Conserver une vie sexuelle pendant cette période, en quoi est-ce important ?

La sexualité, c’est une envie de vivre. C’est pour cela qu’elle a pleinement sa place dans ce contexte là. Néanmoins, ce n’est pas non plus que parce qu’une femme n’a pas envie de faire l’amour pendant quelques temps qu’elle est malheureuse. Il n’y a pas de normes, pas d’injonctions. Certaines le disent clairement : elles ne sont pas déprimées mais n’éprouvent pas de désir et ne veulent pas que leur vie sexuelle devienne une corvée.

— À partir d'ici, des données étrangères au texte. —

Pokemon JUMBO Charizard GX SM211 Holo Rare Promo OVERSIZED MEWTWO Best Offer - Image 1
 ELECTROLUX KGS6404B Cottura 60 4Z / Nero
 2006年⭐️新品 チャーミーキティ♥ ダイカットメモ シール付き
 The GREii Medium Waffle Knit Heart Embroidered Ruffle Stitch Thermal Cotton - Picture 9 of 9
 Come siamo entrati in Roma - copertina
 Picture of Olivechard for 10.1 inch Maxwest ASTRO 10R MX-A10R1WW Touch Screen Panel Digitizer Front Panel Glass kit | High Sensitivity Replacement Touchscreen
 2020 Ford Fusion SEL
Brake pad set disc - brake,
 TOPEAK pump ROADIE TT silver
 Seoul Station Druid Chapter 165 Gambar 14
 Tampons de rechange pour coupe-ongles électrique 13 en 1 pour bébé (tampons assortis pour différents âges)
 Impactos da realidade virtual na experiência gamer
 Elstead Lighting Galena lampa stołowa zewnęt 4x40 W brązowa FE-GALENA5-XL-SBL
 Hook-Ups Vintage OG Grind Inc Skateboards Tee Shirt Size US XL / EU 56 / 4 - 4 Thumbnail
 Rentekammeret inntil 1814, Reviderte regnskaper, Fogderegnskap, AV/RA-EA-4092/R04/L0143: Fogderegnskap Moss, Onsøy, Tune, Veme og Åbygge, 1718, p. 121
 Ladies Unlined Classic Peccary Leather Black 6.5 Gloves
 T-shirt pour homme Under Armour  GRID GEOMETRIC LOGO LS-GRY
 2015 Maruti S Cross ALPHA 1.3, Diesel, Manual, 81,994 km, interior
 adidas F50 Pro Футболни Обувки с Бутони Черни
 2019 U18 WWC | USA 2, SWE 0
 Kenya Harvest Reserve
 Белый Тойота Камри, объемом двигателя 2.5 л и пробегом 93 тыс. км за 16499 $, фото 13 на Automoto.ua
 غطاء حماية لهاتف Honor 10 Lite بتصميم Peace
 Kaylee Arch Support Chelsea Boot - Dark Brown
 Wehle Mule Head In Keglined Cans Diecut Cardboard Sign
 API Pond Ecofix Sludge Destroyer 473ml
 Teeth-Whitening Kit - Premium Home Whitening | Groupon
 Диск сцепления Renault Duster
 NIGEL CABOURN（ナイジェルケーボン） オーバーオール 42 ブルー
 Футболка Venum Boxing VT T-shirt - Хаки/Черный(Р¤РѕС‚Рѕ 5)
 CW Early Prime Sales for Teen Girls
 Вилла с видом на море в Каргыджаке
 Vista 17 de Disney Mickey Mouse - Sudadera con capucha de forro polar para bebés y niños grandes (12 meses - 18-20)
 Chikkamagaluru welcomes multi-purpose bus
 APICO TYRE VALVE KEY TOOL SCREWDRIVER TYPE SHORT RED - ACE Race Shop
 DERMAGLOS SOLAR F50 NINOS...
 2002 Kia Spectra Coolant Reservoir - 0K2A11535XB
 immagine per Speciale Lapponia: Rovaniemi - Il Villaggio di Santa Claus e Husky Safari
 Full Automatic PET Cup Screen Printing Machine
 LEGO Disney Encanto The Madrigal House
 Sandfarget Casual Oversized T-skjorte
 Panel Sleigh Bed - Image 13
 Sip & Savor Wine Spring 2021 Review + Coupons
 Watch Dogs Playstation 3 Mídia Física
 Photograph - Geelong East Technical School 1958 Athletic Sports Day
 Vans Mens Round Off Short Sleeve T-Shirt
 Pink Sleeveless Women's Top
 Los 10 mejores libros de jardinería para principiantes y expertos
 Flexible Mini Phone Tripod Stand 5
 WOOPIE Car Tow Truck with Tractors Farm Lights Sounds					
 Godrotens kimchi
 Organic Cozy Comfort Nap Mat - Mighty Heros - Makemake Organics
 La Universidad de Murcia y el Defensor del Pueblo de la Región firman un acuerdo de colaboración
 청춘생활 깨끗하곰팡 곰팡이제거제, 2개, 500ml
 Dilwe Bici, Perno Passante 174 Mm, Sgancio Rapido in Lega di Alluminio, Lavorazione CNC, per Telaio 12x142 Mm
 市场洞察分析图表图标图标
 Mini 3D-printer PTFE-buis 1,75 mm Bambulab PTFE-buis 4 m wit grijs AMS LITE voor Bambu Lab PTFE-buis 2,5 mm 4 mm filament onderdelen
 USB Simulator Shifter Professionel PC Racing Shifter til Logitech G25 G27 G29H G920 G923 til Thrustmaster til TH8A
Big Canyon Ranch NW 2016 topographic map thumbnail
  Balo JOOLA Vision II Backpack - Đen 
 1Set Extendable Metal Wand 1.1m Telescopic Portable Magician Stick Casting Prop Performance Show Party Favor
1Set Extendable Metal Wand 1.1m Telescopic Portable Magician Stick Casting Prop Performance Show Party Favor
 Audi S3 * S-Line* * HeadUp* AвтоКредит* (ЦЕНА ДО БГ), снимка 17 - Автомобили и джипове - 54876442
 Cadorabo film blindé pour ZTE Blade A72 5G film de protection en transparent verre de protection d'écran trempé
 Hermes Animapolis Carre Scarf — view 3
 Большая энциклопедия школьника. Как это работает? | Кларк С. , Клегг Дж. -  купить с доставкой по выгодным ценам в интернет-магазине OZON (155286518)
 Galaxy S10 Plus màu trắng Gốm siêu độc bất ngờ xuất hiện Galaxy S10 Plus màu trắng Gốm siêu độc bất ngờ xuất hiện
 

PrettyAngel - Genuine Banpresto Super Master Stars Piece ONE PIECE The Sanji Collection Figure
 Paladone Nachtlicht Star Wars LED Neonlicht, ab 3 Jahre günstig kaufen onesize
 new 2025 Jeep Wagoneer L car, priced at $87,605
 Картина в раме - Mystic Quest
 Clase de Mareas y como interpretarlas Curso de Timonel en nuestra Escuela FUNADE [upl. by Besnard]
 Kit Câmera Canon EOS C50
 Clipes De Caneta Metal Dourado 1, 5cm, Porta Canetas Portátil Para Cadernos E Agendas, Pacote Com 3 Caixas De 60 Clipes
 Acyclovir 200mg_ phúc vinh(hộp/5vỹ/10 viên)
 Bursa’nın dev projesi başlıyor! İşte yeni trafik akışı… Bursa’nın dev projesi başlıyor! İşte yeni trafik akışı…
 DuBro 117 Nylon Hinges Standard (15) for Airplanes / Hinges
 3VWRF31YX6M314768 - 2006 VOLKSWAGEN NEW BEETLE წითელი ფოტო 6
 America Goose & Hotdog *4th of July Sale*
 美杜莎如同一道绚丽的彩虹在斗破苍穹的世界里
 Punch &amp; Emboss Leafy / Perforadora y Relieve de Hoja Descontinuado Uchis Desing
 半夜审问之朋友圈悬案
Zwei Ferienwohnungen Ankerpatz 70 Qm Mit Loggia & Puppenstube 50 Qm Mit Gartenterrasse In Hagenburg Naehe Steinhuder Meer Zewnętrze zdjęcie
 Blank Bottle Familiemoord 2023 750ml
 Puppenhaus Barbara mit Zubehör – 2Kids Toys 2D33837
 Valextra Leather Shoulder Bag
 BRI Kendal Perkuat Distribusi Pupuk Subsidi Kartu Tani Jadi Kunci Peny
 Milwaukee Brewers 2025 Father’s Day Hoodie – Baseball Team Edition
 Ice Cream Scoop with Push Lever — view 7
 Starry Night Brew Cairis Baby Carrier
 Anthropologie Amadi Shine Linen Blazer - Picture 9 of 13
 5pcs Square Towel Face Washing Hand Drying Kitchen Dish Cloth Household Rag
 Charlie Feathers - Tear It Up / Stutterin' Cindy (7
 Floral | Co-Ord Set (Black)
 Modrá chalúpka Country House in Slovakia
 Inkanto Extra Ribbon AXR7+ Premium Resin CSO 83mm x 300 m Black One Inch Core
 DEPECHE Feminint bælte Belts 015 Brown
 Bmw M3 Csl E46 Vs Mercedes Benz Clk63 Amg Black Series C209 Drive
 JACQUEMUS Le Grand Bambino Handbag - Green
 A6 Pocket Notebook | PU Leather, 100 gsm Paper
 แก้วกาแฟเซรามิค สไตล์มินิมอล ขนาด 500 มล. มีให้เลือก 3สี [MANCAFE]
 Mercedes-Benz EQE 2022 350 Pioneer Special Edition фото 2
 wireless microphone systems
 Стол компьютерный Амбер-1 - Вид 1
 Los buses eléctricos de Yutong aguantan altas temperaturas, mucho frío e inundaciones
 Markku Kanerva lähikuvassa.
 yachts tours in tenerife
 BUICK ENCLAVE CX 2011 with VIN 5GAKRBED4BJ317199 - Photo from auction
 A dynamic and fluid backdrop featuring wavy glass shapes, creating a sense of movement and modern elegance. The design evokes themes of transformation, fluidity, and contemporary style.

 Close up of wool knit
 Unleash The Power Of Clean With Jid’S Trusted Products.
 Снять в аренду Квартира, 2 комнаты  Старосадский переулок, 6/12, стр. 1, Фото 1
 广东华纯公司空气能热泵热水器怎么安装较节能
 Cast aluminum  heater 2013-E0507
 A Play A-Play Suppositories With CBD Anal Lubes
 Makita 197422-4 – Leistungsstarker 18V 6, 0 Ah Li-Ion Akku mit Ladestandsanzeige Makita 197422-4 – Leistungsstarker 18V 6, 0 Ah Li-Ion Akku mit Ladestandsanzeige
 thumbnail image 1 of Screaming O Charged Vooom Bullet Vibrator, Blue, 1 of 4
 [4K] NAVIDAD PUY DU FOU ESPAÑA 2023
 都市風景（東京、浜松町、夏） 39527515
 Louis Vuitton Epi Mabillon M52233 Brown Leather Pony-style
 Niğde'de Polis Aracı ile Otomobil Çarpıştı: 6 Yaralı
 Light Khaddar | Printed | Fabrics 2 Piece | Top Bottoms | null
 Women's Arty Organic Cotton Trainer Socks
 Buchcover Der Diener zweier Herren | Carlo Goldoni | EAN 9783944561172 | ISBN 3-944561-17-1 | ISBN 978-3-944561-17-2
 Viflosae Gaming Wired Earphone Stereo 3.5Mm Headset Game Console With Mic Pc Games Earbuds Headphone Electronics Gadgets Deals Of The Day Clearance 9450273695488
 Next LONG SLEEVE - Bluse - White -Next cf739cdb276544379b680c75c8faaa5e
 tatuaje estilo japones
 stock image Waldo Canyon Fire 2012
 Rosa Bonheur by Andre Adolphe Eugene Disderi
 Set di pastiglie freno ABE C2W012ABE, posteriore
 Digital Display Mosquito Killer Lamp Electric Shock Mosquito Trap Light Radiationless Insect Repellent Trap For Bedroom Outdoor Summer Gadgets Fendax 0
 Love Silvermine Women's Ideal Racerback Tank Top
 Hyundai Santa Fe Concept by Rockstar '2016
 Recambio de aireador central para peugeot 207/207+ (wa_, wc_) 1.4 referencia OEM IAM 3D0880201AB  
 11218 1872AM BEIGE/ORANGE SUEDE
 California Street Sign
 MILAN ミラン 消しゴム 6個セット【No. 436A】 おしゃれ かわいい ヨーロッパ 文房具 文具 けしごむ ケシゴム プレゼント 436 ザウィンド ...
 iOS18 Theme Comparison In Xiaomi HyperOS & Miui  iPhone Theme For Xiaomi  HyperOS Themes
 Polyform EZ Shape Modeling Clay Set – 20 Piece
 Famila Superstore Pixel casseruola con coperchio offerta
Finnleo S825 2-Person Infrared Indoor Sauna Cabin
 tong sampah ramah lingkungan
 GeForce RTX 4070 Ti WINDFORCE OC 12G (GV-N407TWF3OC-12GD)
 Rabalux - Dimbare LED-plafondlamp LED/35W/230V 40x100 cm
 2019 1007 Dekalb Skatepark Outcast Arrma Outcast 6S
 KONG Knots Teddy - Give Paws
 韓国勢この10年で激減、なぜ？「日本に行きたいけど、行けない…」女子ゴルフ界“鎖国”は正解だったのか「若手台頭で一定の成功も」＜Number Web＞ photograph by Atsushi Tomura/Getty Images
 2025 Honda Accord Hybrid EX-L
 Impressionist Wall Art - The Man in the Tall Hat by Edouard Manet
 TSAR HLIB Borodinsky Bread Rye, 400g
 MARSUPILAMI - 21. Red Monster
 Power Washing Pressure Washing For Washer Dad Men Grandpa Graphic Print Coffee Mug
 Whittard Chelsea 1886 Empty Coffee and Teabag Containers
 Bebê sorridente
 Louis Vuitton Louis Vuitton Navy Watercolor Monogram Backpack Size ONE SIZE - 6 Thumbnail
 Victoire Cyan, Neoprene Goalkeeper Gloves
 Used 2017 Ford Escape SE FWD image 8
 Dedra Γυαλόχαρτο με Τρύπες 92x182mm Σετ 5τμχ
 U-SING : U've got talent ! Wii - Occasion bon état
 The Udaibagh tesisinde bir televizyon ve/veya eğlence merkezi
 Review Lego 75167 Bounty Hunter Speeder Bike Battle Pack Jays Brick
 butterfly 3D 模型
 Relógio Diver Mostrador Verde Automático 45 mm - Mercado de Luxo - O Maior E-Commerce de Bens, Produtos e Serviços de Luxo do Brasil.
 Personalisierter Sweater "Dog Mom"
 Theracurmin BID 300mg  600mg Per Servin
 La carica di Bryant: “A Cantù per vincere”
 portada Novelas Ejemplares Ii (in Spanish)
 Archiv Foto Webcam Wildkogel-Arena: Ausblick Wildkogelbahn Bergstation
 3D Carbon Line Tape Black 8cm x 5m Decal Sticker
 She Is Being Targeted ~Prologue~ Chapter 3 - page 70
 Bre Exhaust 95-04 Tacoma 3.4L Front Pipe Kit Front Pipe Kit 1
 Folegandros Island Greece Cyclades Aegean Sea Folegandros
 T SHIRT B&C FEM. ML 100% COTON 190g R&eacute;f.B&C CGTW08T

Il existe aussi 1001 façons d’avoir une sexualité…

Exactement. Il n’y a pas que la pénétration. On peut simplement se prendre dans les bras. Etre bien ensemble, se parler, c’est créer une forme d’intimité dans la relation.

Retrouvez la liste de tous les psychiatres et psycho-oncologues de votre ville ou de votre quartier sur www.conseil-national.medecin.fr

A SAVOIR

On estime qu’une femme sur huit risque de développer un cancer du sein au cours de sa vie. Dans neuf cas sur dix, la patiente est guérie. Des chances de guérison d’autant plus grandes que la maladie est dépistée tôt.